Half a croissant, on a plate, with a sign in front of it saying '50c'
h a l f b a k e r y
It might be better to just get another gerbil.

idea: add, search, annotate, link, view, overview, recent, by name, random

meta: news, help, about, links, report a problem

account: browse anonymously, or get an account and write.



Side-Open Dishwasher

Keep that door out of the way
  (+3, -4)
(+3, -4)
  [vote for,

Almost every kitchen I know has cabinets above the dishwasher. Many of those cabinets are used to store dishes. When you're unloading the dishwasher in such a kitchen, you have to lean over the dishwasher's door to reach the cabinets.

That bottom-hinged door really takes up floor space when open and thus gets in the way. Why don't we have dishwashers with doors that open to the side?

drzeus, Jun 26 2002


       But then when you load it with mucky dishes and glasses that have a bit of drink in them still, the residue would fall on the floor, instead of on the door of the dishwasher. Assuming, that is, that the top and bottom racks would still pull out. Otherwise it would be quite a pain to load.
Matty, Jun 26 2002

       If washing machines can hinge on the side then so can dishwashers.
DrCurry, Jun 26 2002

       But you don't put wet clothes in the washer. If you had a bunch of wet clothes to put in, you'd be better off with a top-loader that catched drips, like a dishwasher.
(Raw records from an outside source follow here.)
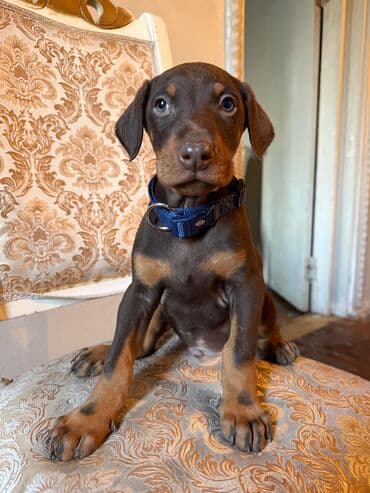 itlər alabay: Doberman, 2 ay, Rayonlara çatdırılma — 9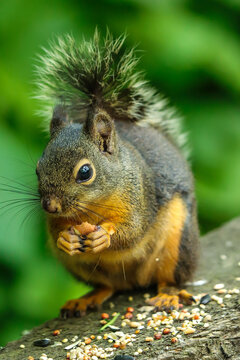 Douglas Squirrel in British Columbia 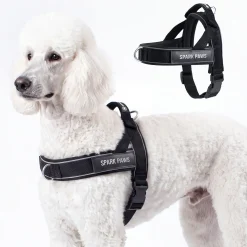 Grab & Go Harness - Black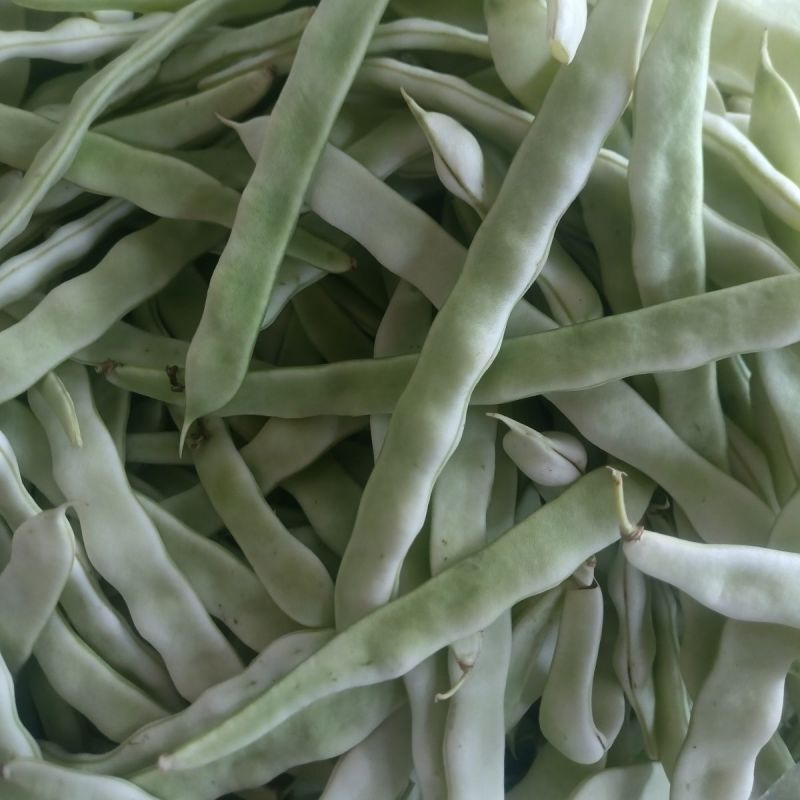 宏雨巴菲特白荚长芸豆种子博尔特早熟嫩荚绿白色四季豆架豆春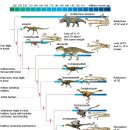 동네치킨 이미지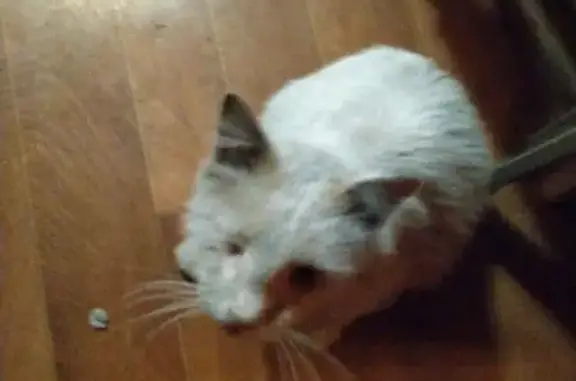 Найдена кошка, Боровск, фото: Найдена кошка, ул. Энгельса 11, Боровск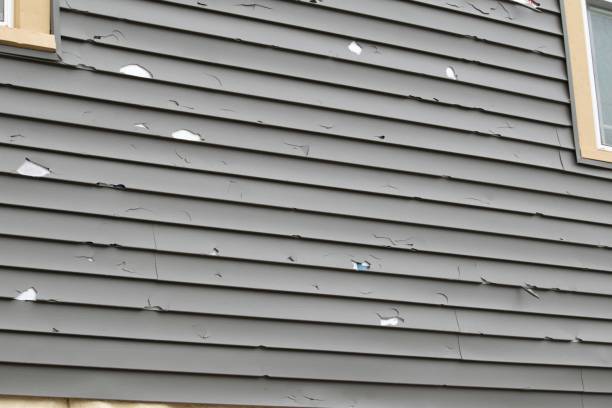 Best Siding Removal and Disposal  in Grace, ID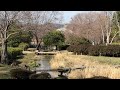 ヒレンジャクとキレンジャクの水飲み昆陽池公園ふるさとの小川200221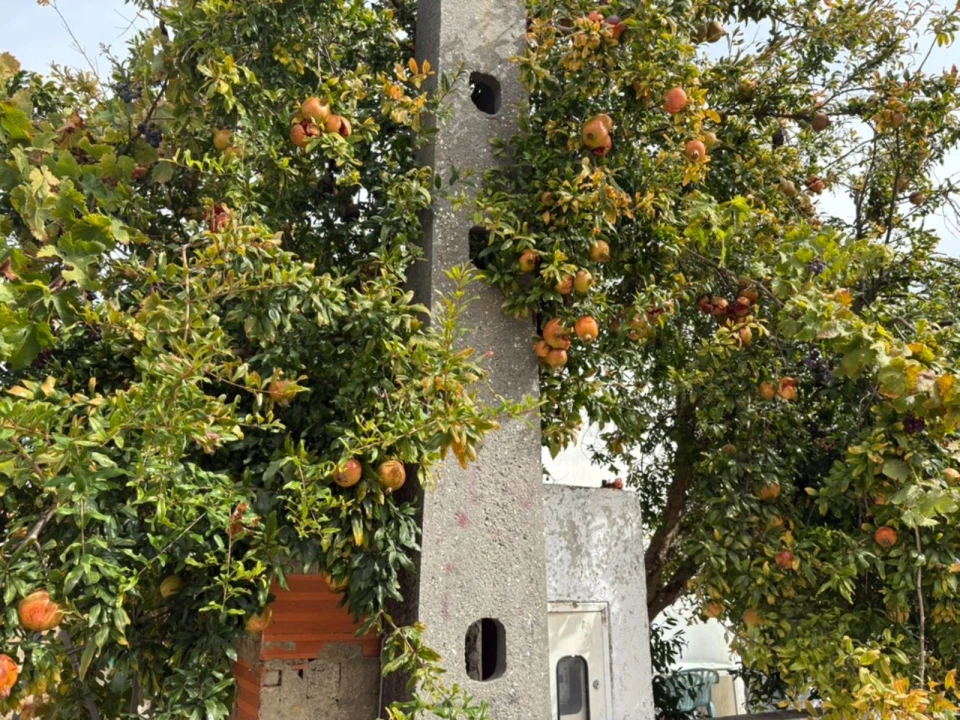 Terreno P/ Prédio para Venda em Quinta do Conde Foto 15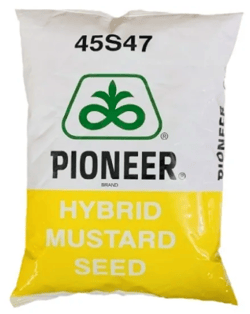 Pioneer 45S47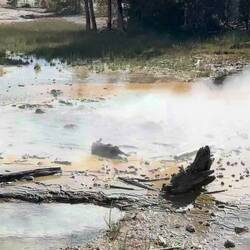 Minute Geyser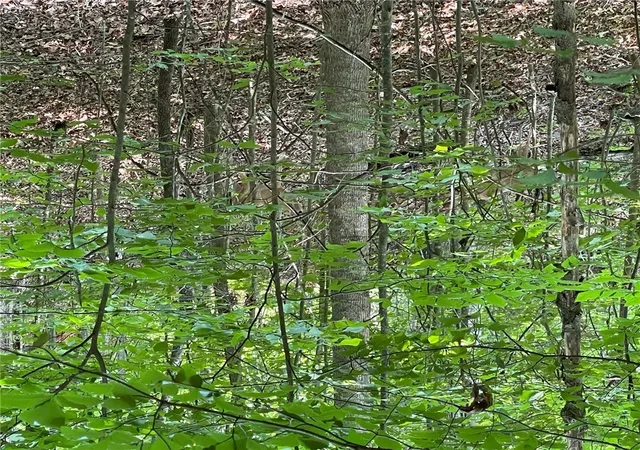 Photo 3 of Residential Lot at Lot S 784 Hogan Dr, Westminster, SC 29693 | MLS# 20288598 | | Sold on 2025-08-08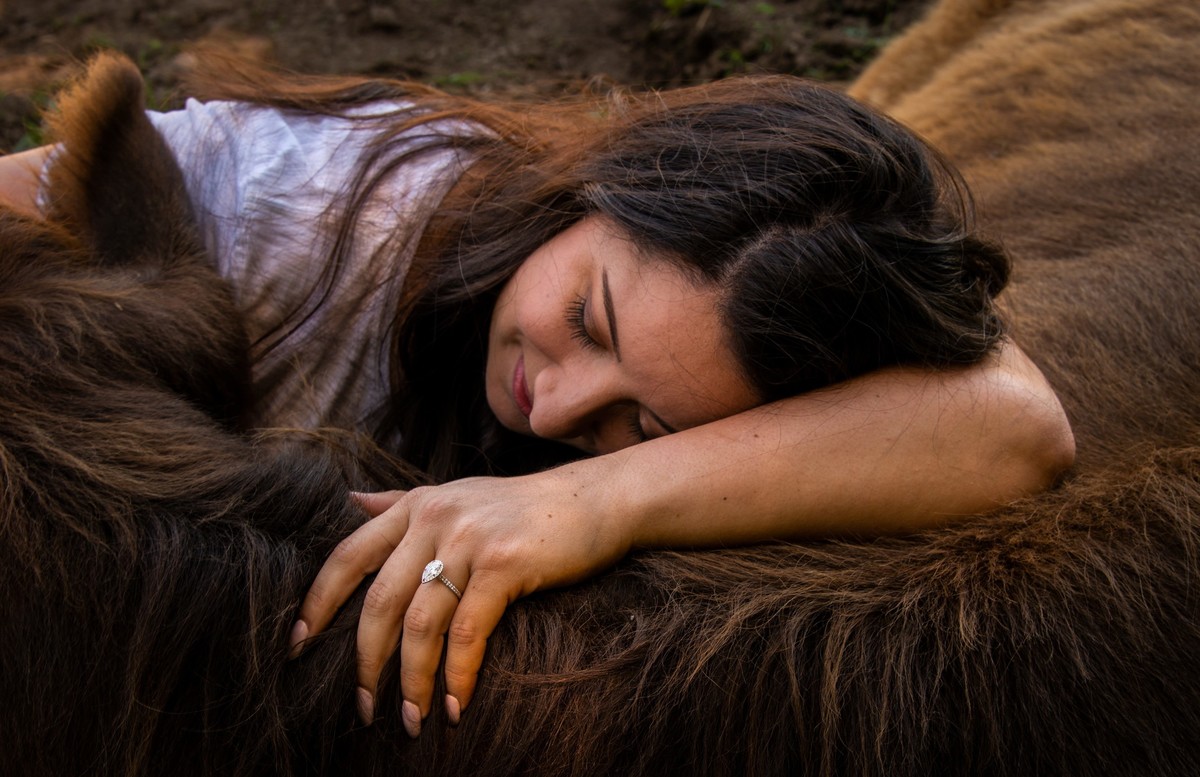 Terapia con vacas lo último para liberar estrés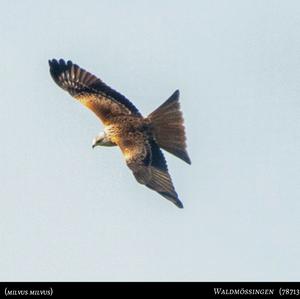 Red Kite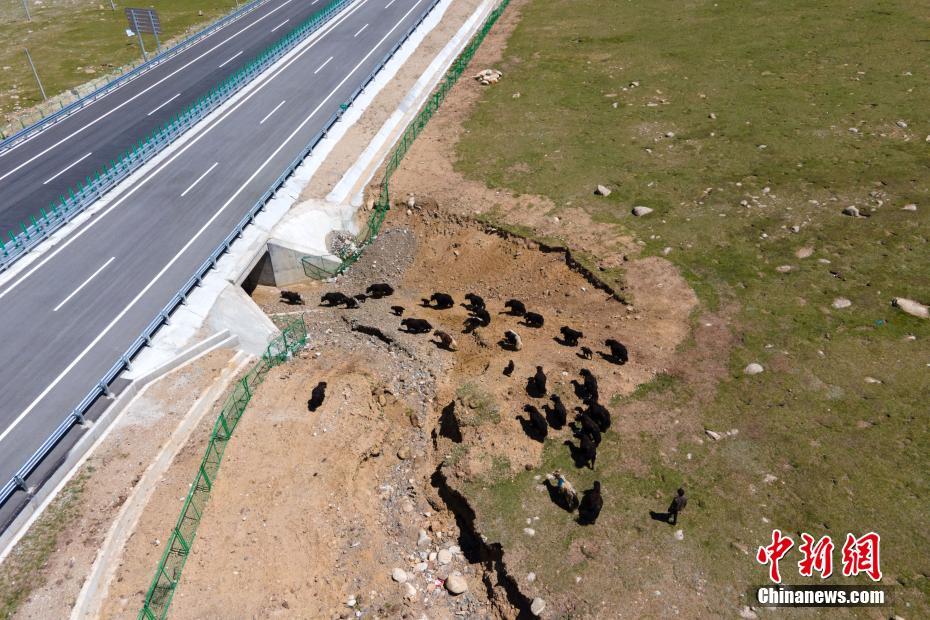 Una manada de yaks pasan bajo la autopista, 29 de junio del 2021. [Foto: Chinanews.com]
I rest my fish-bone.
Matty, Jun 26 2002

       I'm torn between convenience and your convincing argument, Matty..
yamahito, Jun 26 2002

       [Intrigued by the thought of someone who puts wet clothes in the washing machine...] [I usually put mine in the dryer.] [Which also hinges on the side.]
DrCurry, Jun 26 2002

       What if your clothes are wet from your sweaty jog in the country? Or from being lovingly attacked by a muddy dog?   
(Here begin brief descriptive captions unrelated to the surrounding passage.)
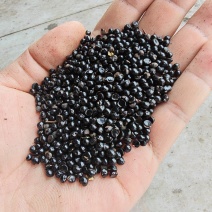 花椒籽（九叶青花椒籽）数量多、价格优、品质好。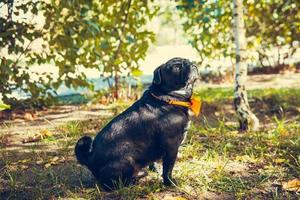 Portrait of cute pug puppy, outdoors. photo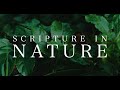 Scripture In Nature | Vol. 1 | Wisdom from Psalms | 4K Video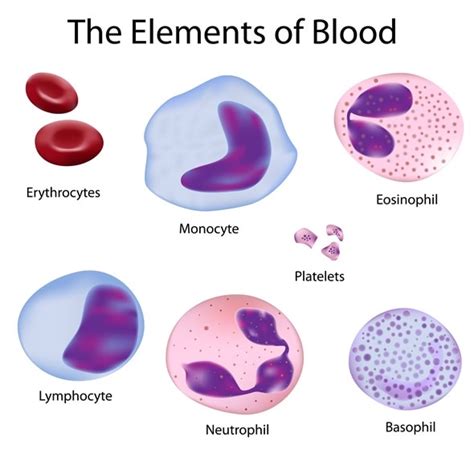 Absolute Neutrophil Count Anc Thailand Medical News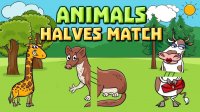 Animal Halves Match Puzzle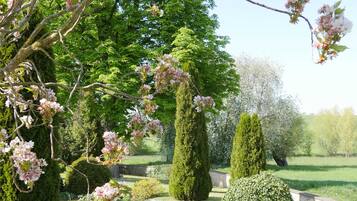 Ein gepflegter Garten mit ordentlich geschnittenen Hecken, einer Bank und blühenden Bäumen.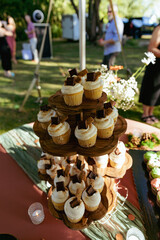 Wedding s'mores cupcakes  on rustic tray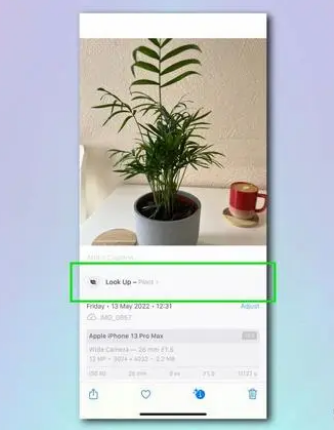宛城苹果相机维修分享如何使用iPhone相机识别植物和花卉 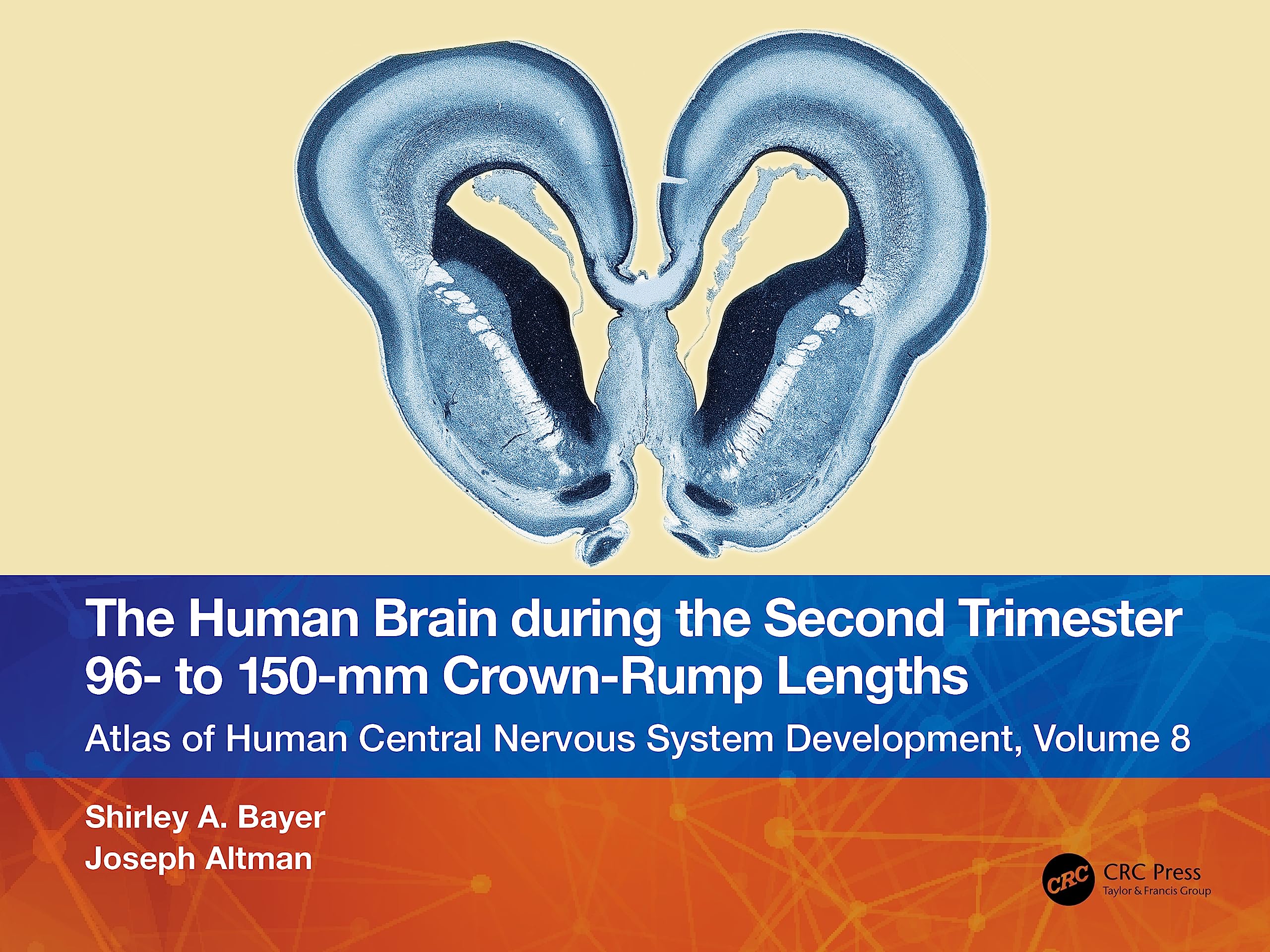 The Human Brain during the Second Trimester 96– to 150–mm Crown-Rump Lengths: Atlas of Human Central Nervous System Development, Volume 8 (Atlas of Human Central Nervous System Development, 8) Medicine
       Clothes don't drip the way wet dishes do because they are made of fabric and that absorbs much wetness. A side opening washer is an entirely different thing altogether. A little leftover undried water, just a little, and there sits a small puddle on the floor.
polartomato, Jun 27 2002

       Why not have one that opens from the top and the shelves rise up to the level of the cabinet top?
JLSeagull, Jun 27 2002

       A drip sheet could roll out under the bottom shelf when it's pulled out.   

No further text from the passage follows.